Luis García Montero
Un año y tres meses
Tusquets
80 páginas
POR JUAN CARLOS ABRIL

La poesía de Luis García Montero ha dado un paso al frente con Un año y tres meses. De tono elegiaco sostenido, y con trazo firme, se trata sin duda de uno de sus libros más difíciles de escribir. Su materia resulta muy comprometedora desde el punto de vista creativo.

La interpelación que se propone en «Lectores» (15-16) no puede ser más oportuna para entender esa tematización temporal, ese año y tres meses, desde la que se nos emplaza. Lectores son la pareja que leen juntos, que leen en la cama y comparten experiencias y conversaciones, pero también silencios en la noche y complicidad. Por eso dice en sus versos iniciales: «También es el amor una luz negociada. / Somos barcos nocturnos que fondean en esta habitación / junto a una cama que parece un puerto» (15). El libro adquiere densidad en «La verdad de las ficciones» (17-18), uno de los más interesantes poemas del conjunto, y que se convertirá, con el tiempo, en un manifiesto para los enfermos de cáncer que pierden el cabello por la quimioterapia. Una profunda indagación en lo que supone perder la identidad y recuperarla desde la ficción. Un guiño a los entresijos de la magia del arte, de ese misterio a través del cual la poesía nos ofrece una verdad. Pero la verdad de este libro no es demasiado alentadora, porque «la muerte es miserable, miserable, / la muerte es miserable» (de «Últimos pasos», 37-38). Unas páginas antes, en «Nuevo diagnóstico» (21-22), comienza a imponerse la frialdad, y el tiempo a «correr indiferente» (22). Esa frialdad posee un correlato en la composición siguiente, «La costumbre del daño» (23), una suerte de canción con tintes simbólicos que se plantea como un interludio poco esperanzador. El personaje que nos relata la historia de la enfermedad asiste perplejo al zarpazo que la vida le está propiciando a su historia de amor, a cómo ha cambiado todo de la noche a la mañana. Los lectores asistimos a ese sino inexorable, que es también el nuestro.

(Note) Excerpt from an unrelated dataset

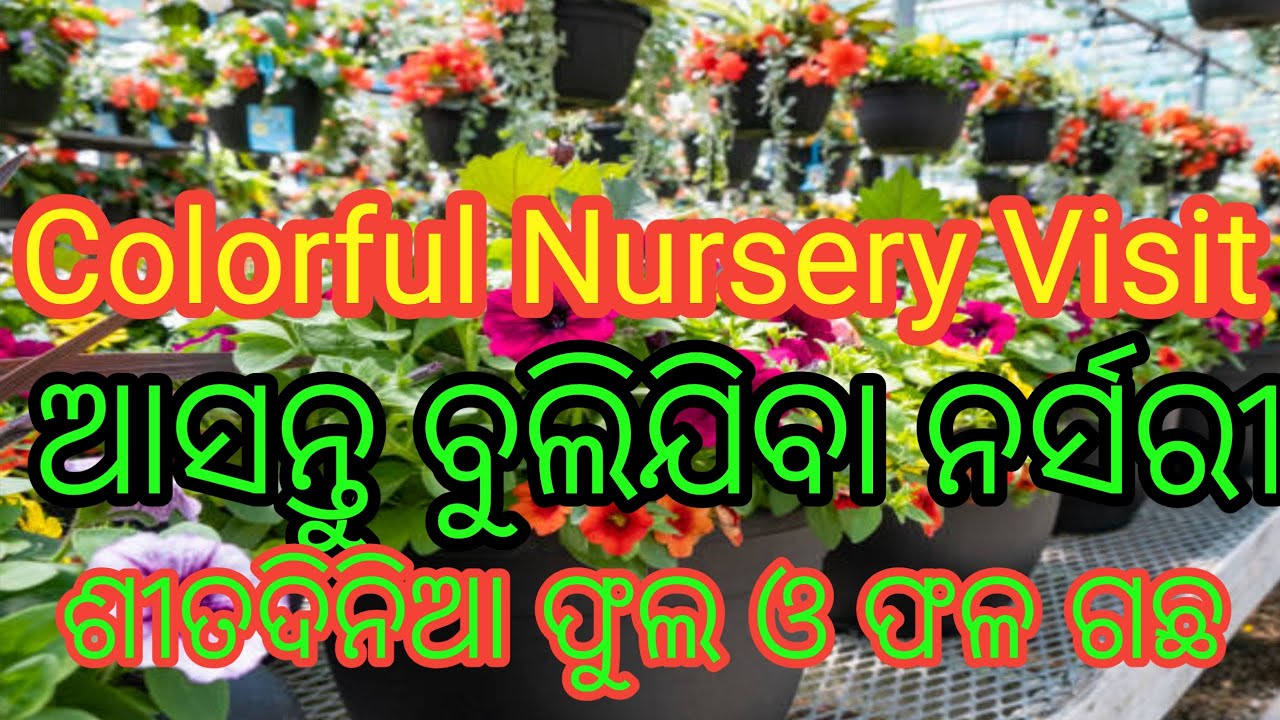 Nursery Visit, ଆସନ୍ତୁ ବୁଲିଯିବା ନରସେରୀ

«Historia de un desorden» (27-28) nos entrega una lección de ansiedad ante la imperturbabilidad de los objetos. Por eso concluye: «Que todo esté en su sitio / es el mayor desorden que pueda imaginarse» (28). A partir de los siguientes poemas, vienen sin duda los mejores momentos del libro, «Fuera de casa» (29), «Conversación con las ausencias» (45-46), «Animal doméstico» (47-48), «La muerte es sueño» (51-52) y «De la triste figura» (57-58) son los que más destacan a nuestro parecer. En estos poemas el sujeto verbal se halla vacío o vaciado «en medio de la nada» (29), asolado como un territorio destruido. La necesidad de salir, no solo de manera material, sino de uno mismo, de volcarse hacia otra cosa, fundirse en otro mundo, hace que el poeta huya o escape a la calle, impelido por el movimiento, por cambiar de aires y despejarse, pero «En el fondo es lo mismo / porque Madrid no está cuando piso la calle / y escucho en un murmullo, / por detrás de los coches, / estas conversaciones con la ausencia / que quería dejar encerradas en casa». (46). El poeta procura distraerse, pero la afligida realidad se impone: «Lo vacía que está una nevera llena, / la soledad de una toalla / al lado de la ducha, / el teléfono inútil al llegar al hotel, / el no callar de la televisión / que nada tiene que decir, / la falta de costumbre de un silencio / o de un sofá a la deriva / o del ordenador y la butaca / que me miran sin ojos / al pasar por la puerta del despacho» (p. 48). Realidad sin centro, sujeto sin ilusión que al final acaba asumiendo, poco a poco, la suerte que le ha tocado vivir: «Es condición del ser humano / la despedida y el encuentro / con lo desconocido, / reconocer la casa que se deja, / la habitación que nos espera / entre las fechas de los calendarios» (51), entendiendo estoicamente que «el vacío da su flor» (57). Una flor que no deseamos y que debemos aspirar, amarga pero flor en definitiva, porque la vida sigue para los que se quedan.